*Input data*
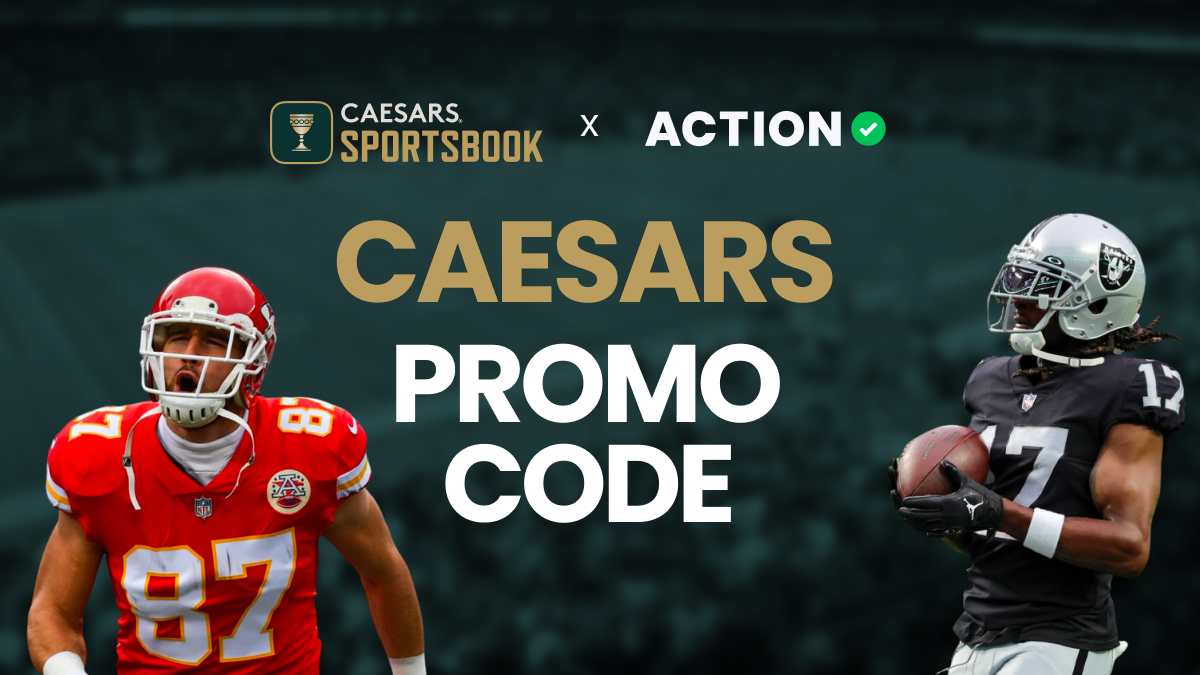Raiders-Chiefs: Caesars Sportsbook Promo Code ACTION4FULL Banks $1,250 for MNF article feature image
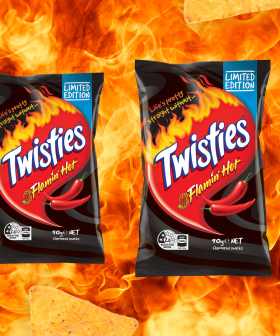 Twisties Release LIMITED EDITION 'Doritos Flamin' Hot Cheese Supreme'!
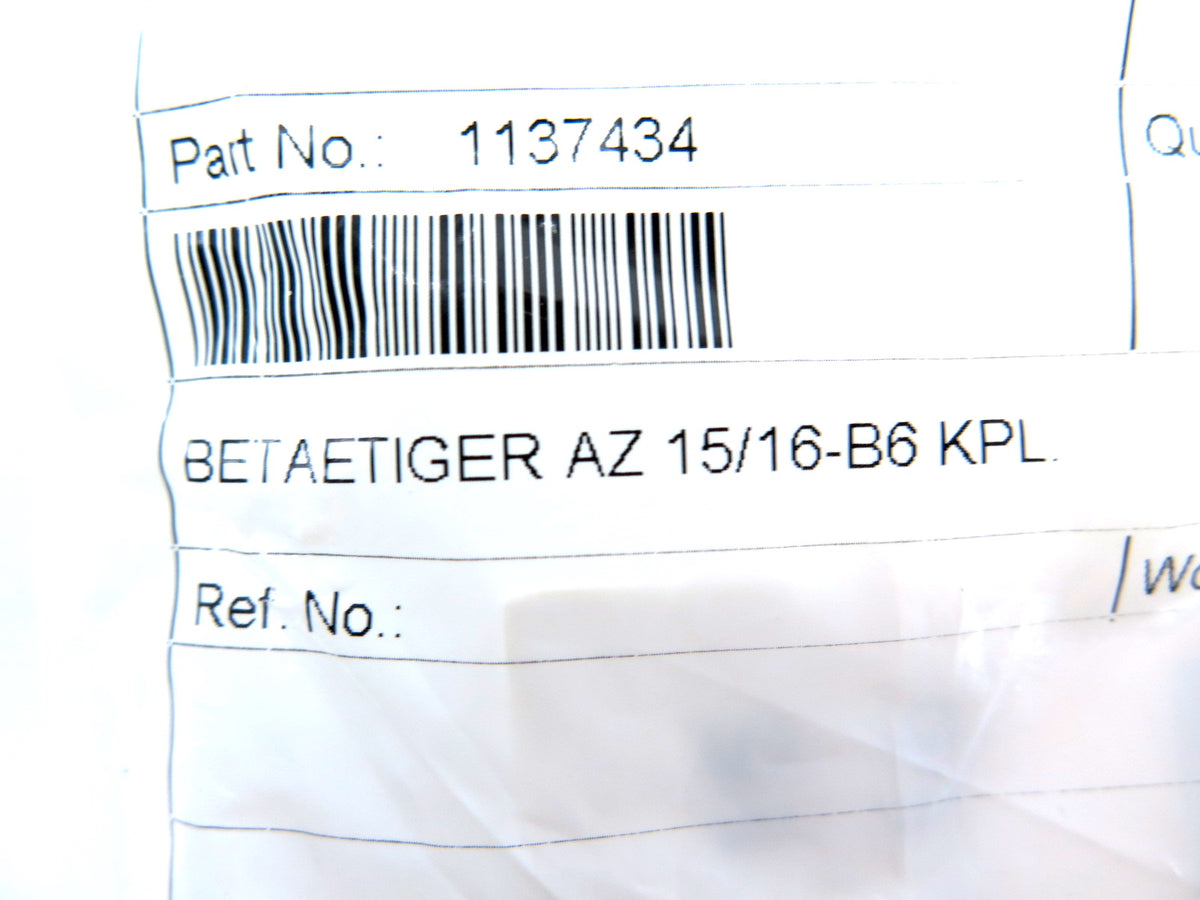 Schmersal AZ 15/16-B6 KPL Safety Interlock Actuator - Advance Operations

*Required work*
Each line of the data needs to be output exactly, with any image excluded.

*Result of the exercise*
Raiders-Chiefs: Caesars Sportsbook Promo Code ACTION4FULL Banks $1,250 for MNF article feature image
 Twisties Release LIMITED EDITION 'Doritos Flamin' Hot Cheese Supreme'!
 Schmersal AZ 15/16-B6 KPL Safety Interlock Actuator - Advance Operations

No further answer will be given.